Boothe, a 6-foot-10 post player, started all 28 games last season as a true freshman, averaging almost 25 minutes, 8.3 points, and 5.2 rebounds with 42 blocked shots.
He is best remembered for a game-winning 3-pointer at the buzzer against Miami, but mostly Boothe did the black-and-blue dirty work in the paint. Frankly, his production was as consistently good as the Rockets have realized from that position in quite some time.
Now expect more.
Kowalczyk said Brown and Boothe are the most improved players on the team and gives assistant coach Jason Kalsow credit for the latter.
“The guy’s just a gym rat,” Kalsow said of Boothe. “We don’t have to ask him to come in for extra work. He asks us to come in and work with him. I haven’t been around too many players more interested in getting better.”
It took Boothe some time last season to get a feel for the speed of the game, the size and physicality of the opposition, and — early on — struggled occasionally to get shots off.
Since the end of last season, Kalsow said the big man has gotten stronger, improved his conditioning, footwork, and face-up post moves, and developed a deft jump shot off having his back to the basket.
“He’s such a well-rounded shooter now,” Kalsow said.
Boothe spent some of the summer at home in Gurnee, Ill., north of Chicago about 15 minutes from the Wisconsin line, working for a couple hours daily on the court with his old AAU coach. “It was learning how to finish,” he said of the most important result.
Boothe isn’t big on talking about himself. He’d rather talk about a team that returns four starters and adds two highly-regarded transfers who sat out last season, and a much-anticipated, three-man freshman class.

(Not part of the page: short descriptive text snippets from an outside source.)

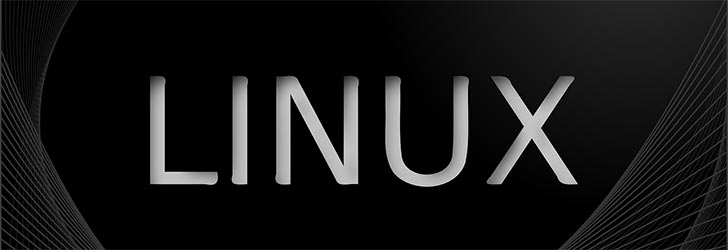 Grupos de noticias de Linux en Usenet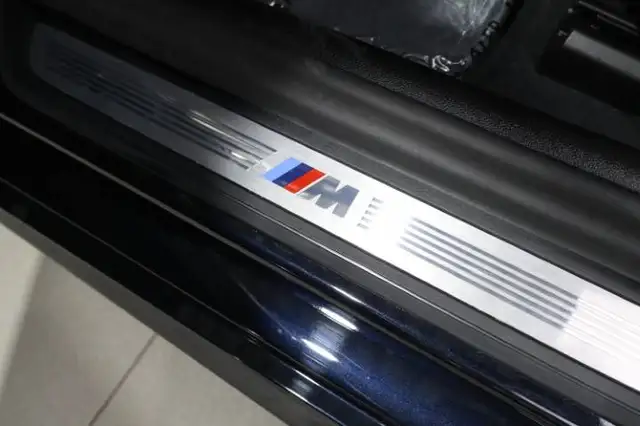 BMW M view 13
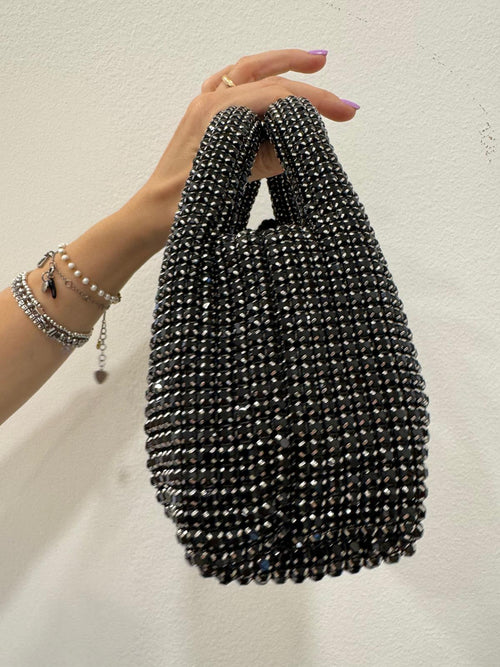 Clutch Bag
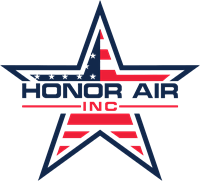 Honor Air, Inc.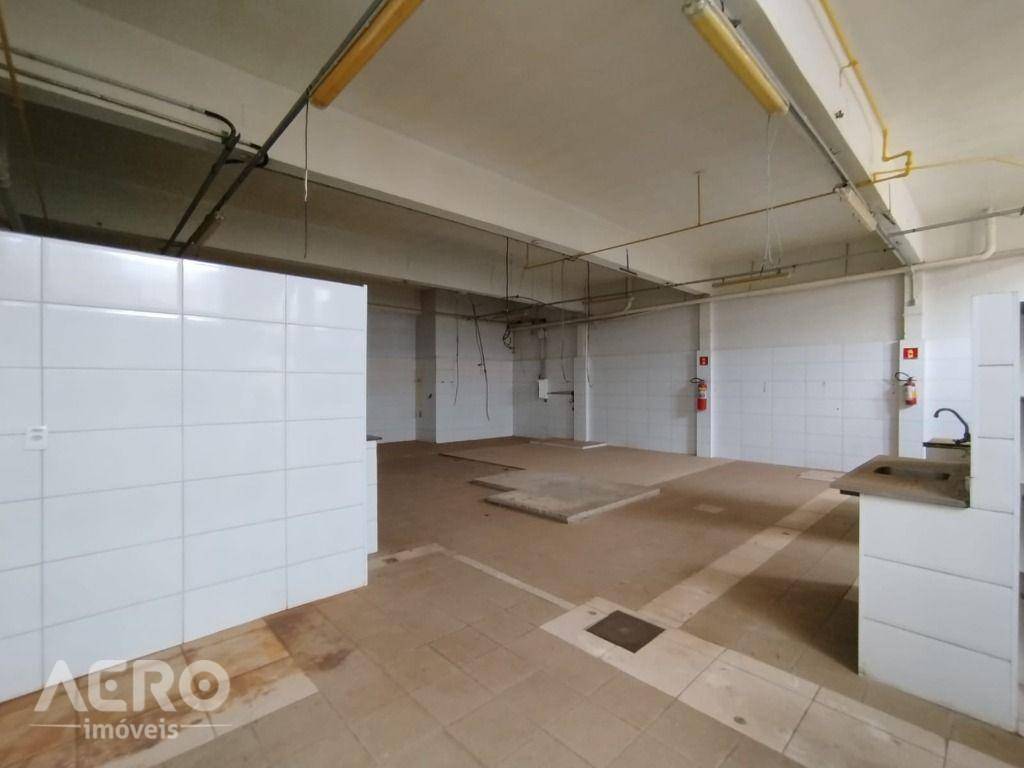 Prédio Inteiro à venda e aluguel, 509m² - Foto 15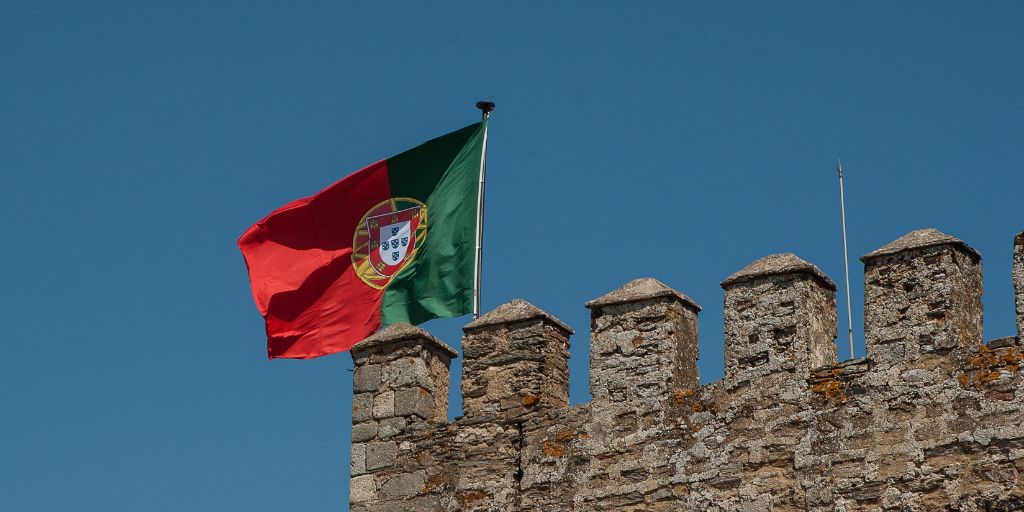 Autárquicas 2025: Portugal a duas velocidades na atratividade territorial, dizem especialistas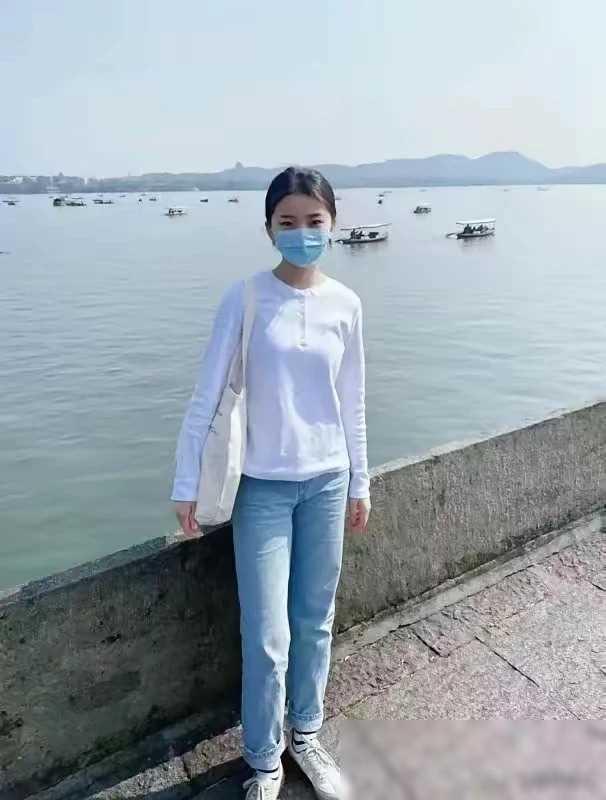 引言：搁在老子身上，也是犹豫万分。这事儿呀，闹心的不是啥彩礼、豪车，而是一个天大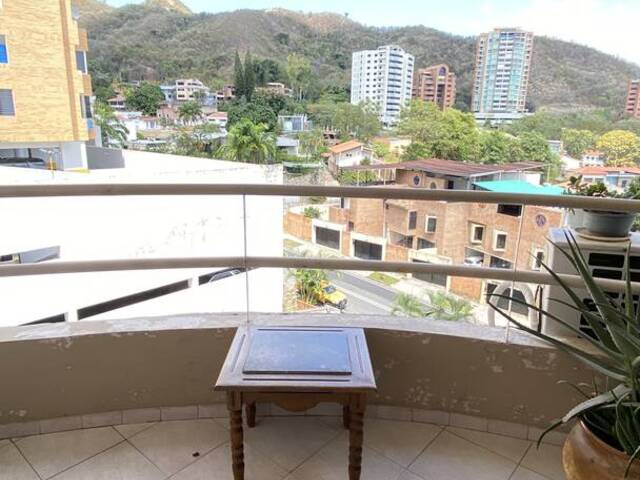 #271100 - Apartamento para Venta en Valencia - G - 3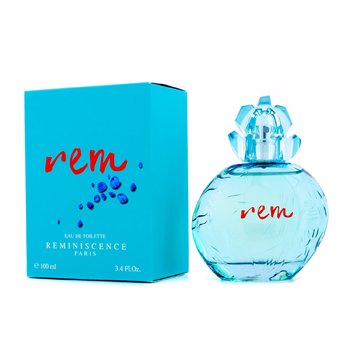 Rem Eau De Toilette Spray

“I’m really excited,” Boothe said. “There are a lot more athletes, versatile athletes, and a lot of depth. They call all play with the ball or off the ball.

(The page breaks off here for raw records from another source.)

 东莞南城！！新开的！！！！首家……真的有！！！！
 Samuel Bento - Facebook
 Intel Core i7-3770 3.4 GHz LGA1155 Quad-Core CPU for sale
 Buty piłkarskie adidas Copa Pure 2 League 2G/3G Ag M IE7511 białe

"They’re all mentally strong.”
They all will be told one thing. The UT offense goes through Nathan Boothe.
“Everybody will benefit from the post touches he gets,” Kowalczyk said. “He could be a big scorer because he’s stronger and has improved his skill level with his back to the basket. But just as importantly, he’s an exceptional passer and an unselfish player. He makes good decisions. He’ll get a lot of attention from defenses, so his passing skills will be huge.
“By getting the ball inside, it will open up opportunities for everybody else.”
After a dismal stretch, the Rockets have won 35 games over the last two seasons and their fans have been waiting a long time for a team with this kind of potential.
Boothe knows that at the dawn of November that’s all it is, potential.
The key, he said, will be making sure that one ball is enough for so many talented players.
“My senior year in high school our team got knocked out of the state tournament because we had some issues and didn’t play as a team,” Boothe said. “That will be our challenge, sharing the ball and staying solid as a team.”
As long as that one ball ends up in the post every now and again the Rockets could be hard to contain.